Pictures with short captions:
━━━━━━━━━━━━━━━━━━━━
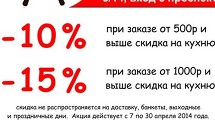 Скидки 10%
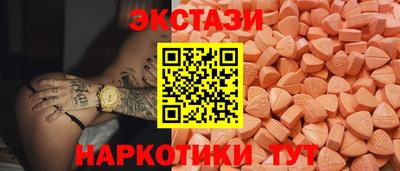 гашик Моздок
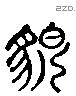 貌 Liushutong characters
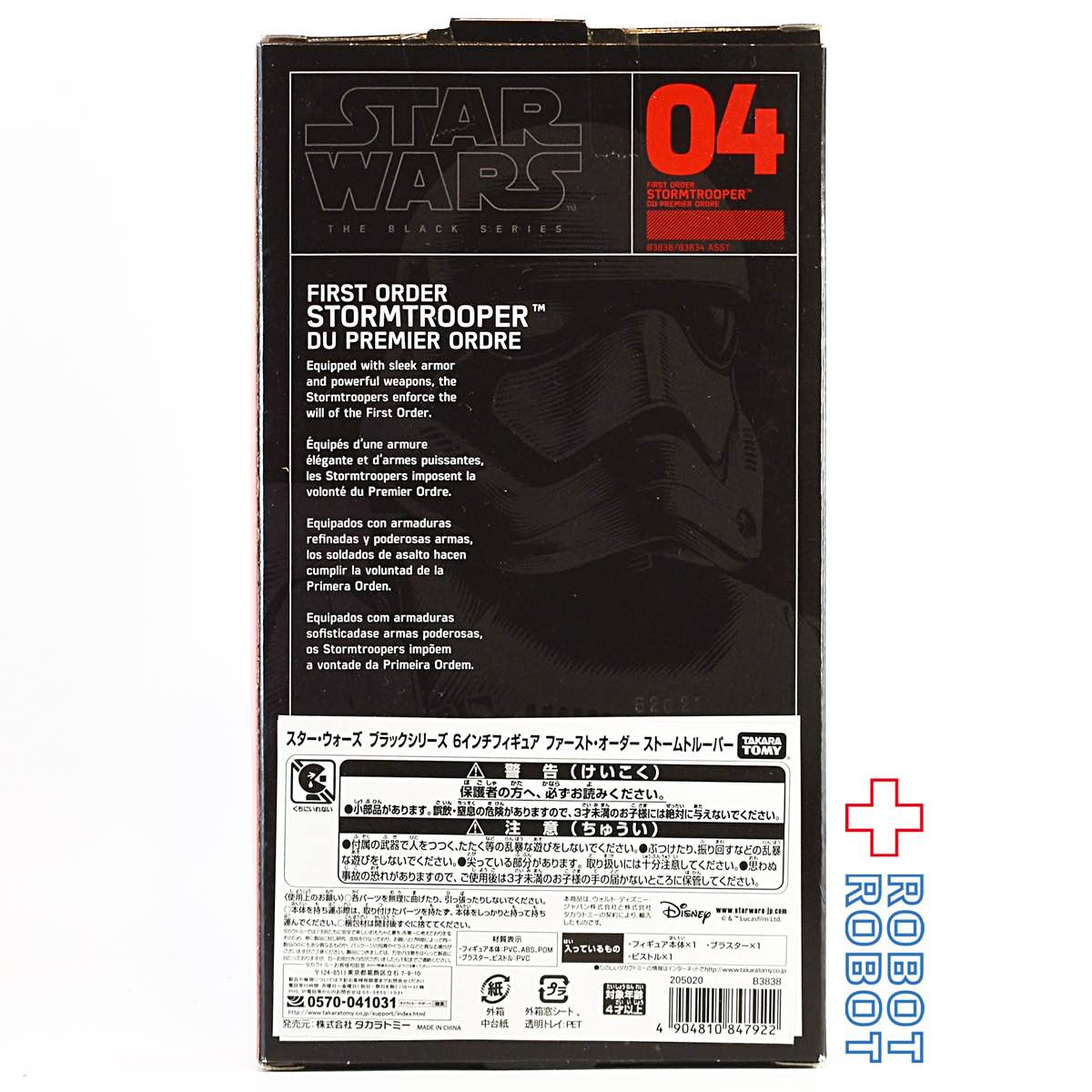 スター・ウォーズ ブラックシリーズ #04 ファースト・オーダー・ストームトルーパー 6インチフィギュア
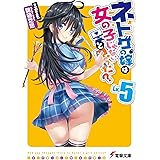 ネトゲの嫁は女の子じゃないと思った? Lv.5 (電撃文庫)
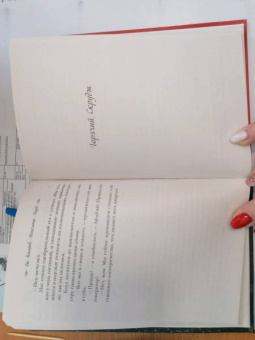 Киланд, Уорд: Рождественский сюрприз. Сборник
━━━━━━━━━━━━━━━━━━━━
GOAL OF THE EXERCISE
Output the entries above exactly, without their pictures.

OUTPUT BELOW
 Скидки 10%
 гашик Моздок
 貌 Liushutong characters
 スター・ウォーズ ブラックシリーズ #04 ファースト・オーダー・ストームトルーパー 6インチフィギュア
 ネトゲの嫁は女の子じゃないと思った? Lv.5 (電撃文庫)
 Киланд, Уорд: Рождественский сюрприз. Сборник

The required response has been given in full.